Reproduce word for word the lines between those holding "Tre cofanetti di" and "Outdoor lounge with", inclusive, and nothing else from the data below.

Data section →
*****

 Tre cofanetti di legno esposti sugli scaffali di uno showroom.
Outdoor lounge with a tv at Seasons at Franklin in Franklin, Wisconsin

*****

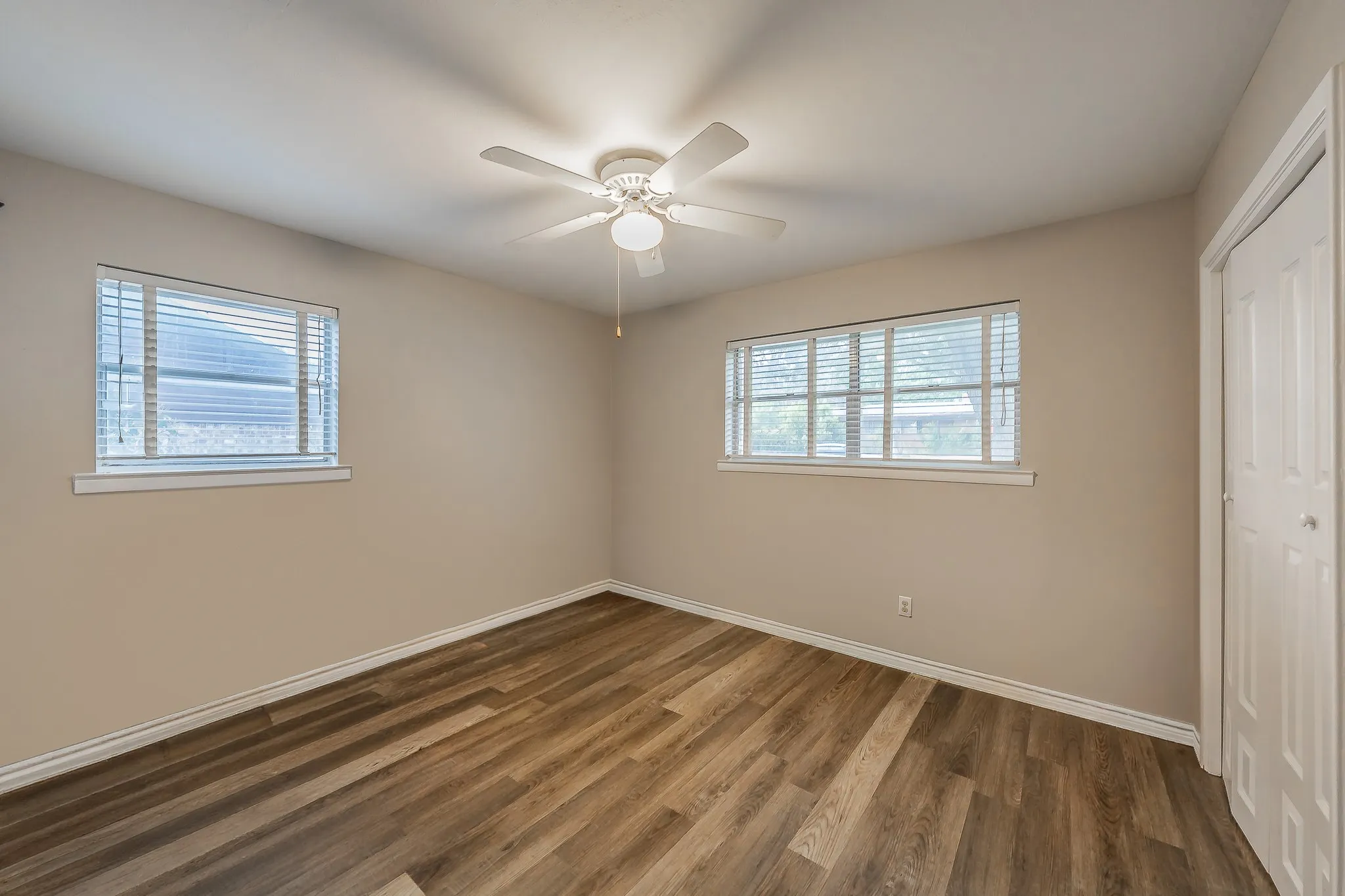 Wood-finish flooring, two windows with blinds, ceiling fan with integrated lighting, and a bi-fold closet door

*****

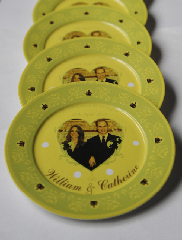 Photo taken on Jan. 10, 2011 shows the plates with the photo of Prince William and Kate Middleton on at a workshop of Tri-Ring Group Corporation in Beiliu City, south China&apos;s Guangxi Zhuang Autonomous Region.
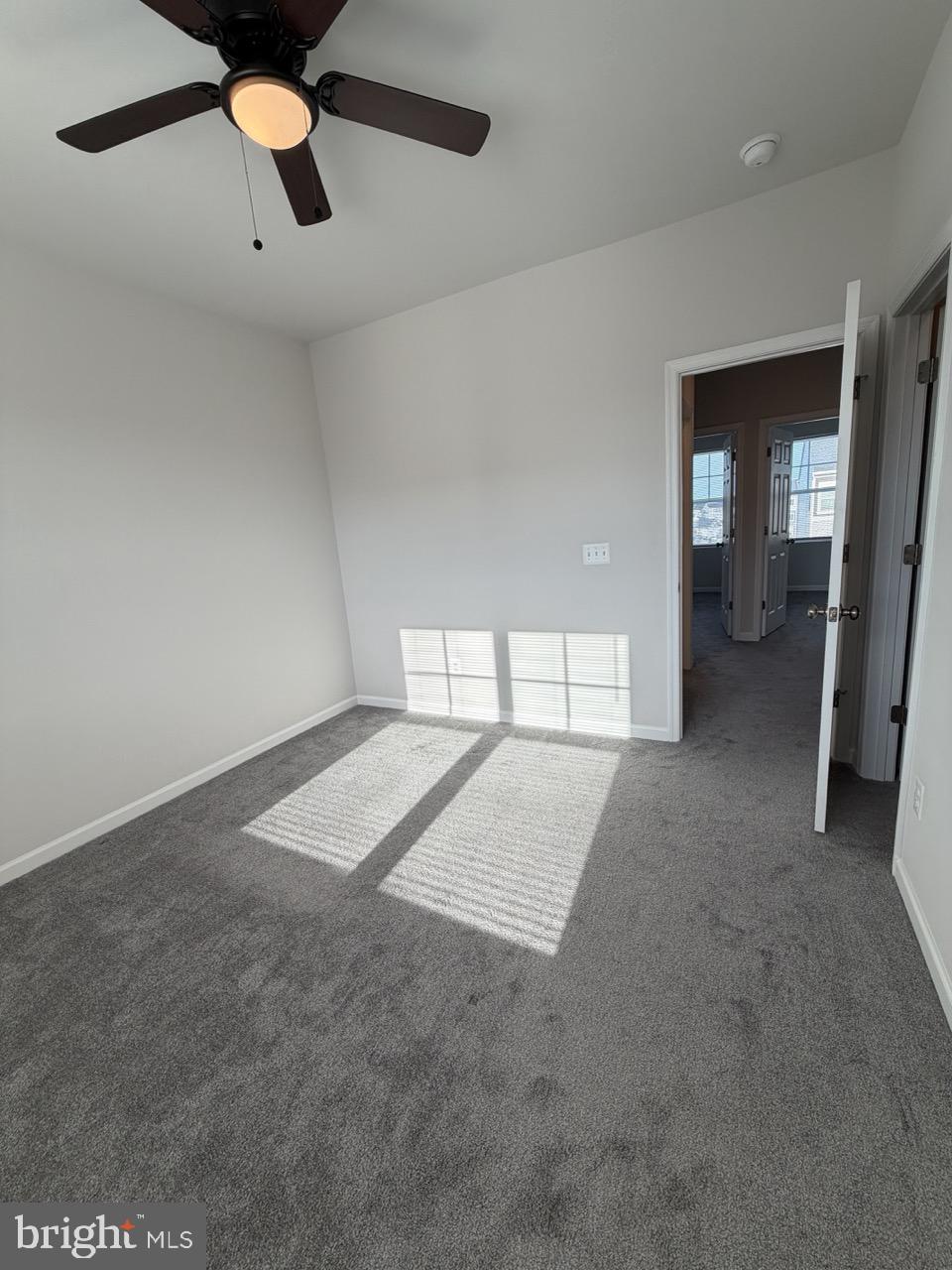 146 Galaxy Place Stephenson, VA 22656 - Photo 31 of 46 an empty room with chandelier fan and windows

*****

Reply →
 Tre cofanetti di legno esposti sugli scaffali di uno showroom.
Outdoor lounge with a tv at Seasons at Franklin in Franklin, Wisconsin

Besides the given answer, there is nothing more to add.